Quand le passé remonte

Un « ancien » a demandé un rendez-vous. A 44 ans, il ressent le besoin de revoir son ancien éducateur. Le dialogue se tisse sur son présent, ses deux filles, son travail. Peu sur son passé. Au moment de se quitter, l’adulte est comme pris d’une hésitation, puis il lâche : « tu n'oublies pas, que tu es un second père pour moi ». Lourde charge que d'avoir fait naître chez cet homme un tel sentiment qu'il  faut ensuite assumer. Un peu plus tard, un ado accompagné de deux de ses copains interpelle le même professionnel qu’il croise dans l'ascenseur de son service : « bonjour, vous ne me reconnaissez pas ? » Décidément, c’est la journée nostalgie, aujourd’hui ! « Je suis Malik » poursuit le jeune en constatant le trou de mémoire de son ancien référent qui percute aussitôt : c'est le jeune qui, il y trois ans, lors de sa dernière communication téléphonique avec lui, l’avait menacé de venir lui casser la tête ! Qu’il a grandi. Mais, bon là, il a l’air serein. Il semble avoir oublié ses menaces passées.
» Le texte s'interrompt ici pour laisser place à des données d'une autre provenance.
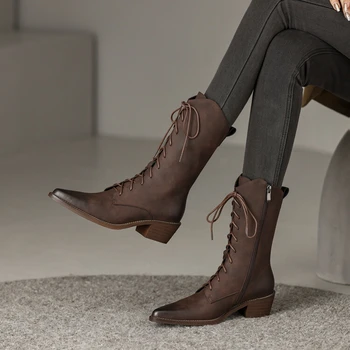 YENİ Sonbahar Kadın Çizmeler Sivri Burun Tıknaz Topuk Ayakkabı Kadınlar için Kış Bölünmüş Deri siyah ayakkabı Retro Batı Çizmeler kovboy çizmeleri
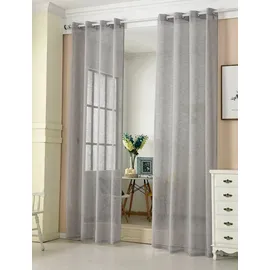 Woltu 2er-Set Gardinen transparent mit Ösen Leinen Optik dunkelgrau 140x225 cm - Woltu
S’il est bien une question que l’on se pose souvent dans cette profession, c’est de savoir qui nous sommes pour tant de jeunes que l’on a accompagnés, parfois brièvement, parfois pendant de nombreuses années. Déployer tant de  patience, de bienveillance et de persévérance parfois, cela laisse des traces chez l’un comme chez l’autre. Tout comme de se mettre en colère, de rentrer en conflit ou de recadrer sèchement. On se croit parfois haï, alors qu’on a laissé plus de traces positives qu’on ne l’imagine. D’autres fois, on espère avoir eu un rôle important. Et l’on se trouve bien prétentieux, n’ayant été qu’un moment fugace dans un parcours. Dans tous les cas, on a traversé un épisode de l’existence de ces jeunes. Ce n’est jamais anodin de surgir dans leur vie et d’en ressortir aussi subitement qu’on y est entré. Ont-ils oublié ? Il n’en est rien parfois. « Tu deviens responsable pour toujours de ce que tu as apprivoisé » dit le renard au petit prince.